2004 No. 43. The Capital Markets (Cross Border Introductions) Regulations, 2004
(Under section 101 of the Capital Markets Authority Act, Cap. 84)
In exercise of the powers conferred on the Capital Markets Authority by section 101 of the Capital Markets Authority Act, these Regulations are made this 13th day of May, 2004.
These Regulations may be cited as the Capital Markets (Cross Border Introductions) Regulations, 2004.
(1) In these Regulations, unless the context otherwise requires—
“Act” means the Capital Markets Authority Act, Cap. 84;
“eligible applicant” means a body corporate, which satisfies the criteria for eligibility specified in the First schedule;
“Information Memorandum” means a document accompanying an application for approval of an Introduction, and containing the information outlined in the second schedule;
“Introduction” means the listing of securities, which are already listed and trading on a stock exchange in another jurisdiction;
“primary exchange” means the stock exchange i n the jurisdiction where the applicant’s s hares were first listed;
“primary jurisdiction” means the jurisdiction in which the applicant first listed its securities on a stock exchange;
“primary regulator” means the securities regulator in the primary jurisdiction.
(2) Any word, term or expression used in these Regulations, and which has been defined in the Act, has the meaning assigned to it by the Act.
3. Application for approval of an Introduction
(1) An eligible applicant may apply to the Authority for the approval of an Introduction.

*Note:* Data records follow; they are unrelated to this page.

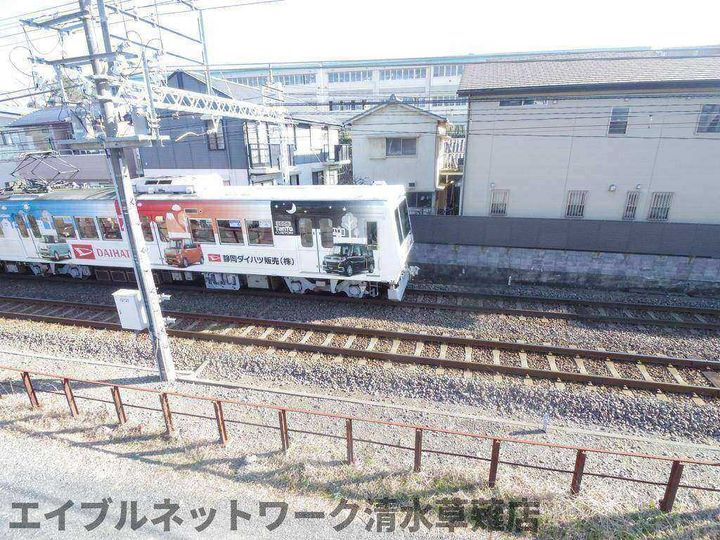 静岡県静岡市清水区七ツ新屋1丁目(アパート)の賃貸物件2-Dのその他画像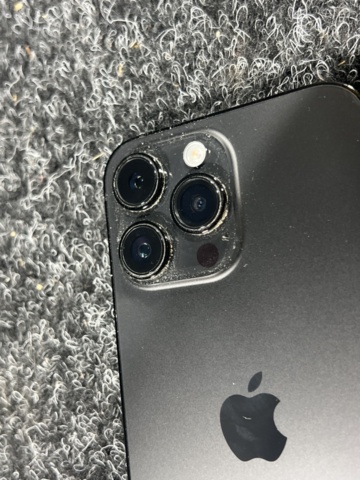 1325644-4 iPhone 14 Pro Max 256GB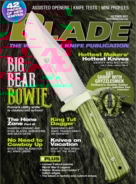 Blade October 01, 2017 Issue Cover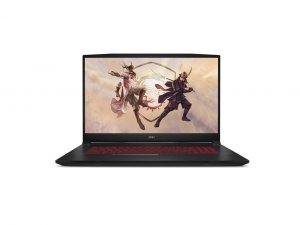 Msi GF7612005 Gamin |katana Gf76 12ud-005 R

(2) An application under subregulation (1) shall be accompanied by—
(a) an Information Memorandum;
(b) a letter of ‘‘No Objection” from the applicant’s primary regulator;
(c) a letter of ‘‘No Objection” from the applicant’s primary exchange;
(d) in the case where the applicant is a bank or an insurance company or
any other regulated corporate body, a letter of ‘ ‘No Objection” from the relevant regulatory authority; and
(e) the fees specified in the Third Schedule.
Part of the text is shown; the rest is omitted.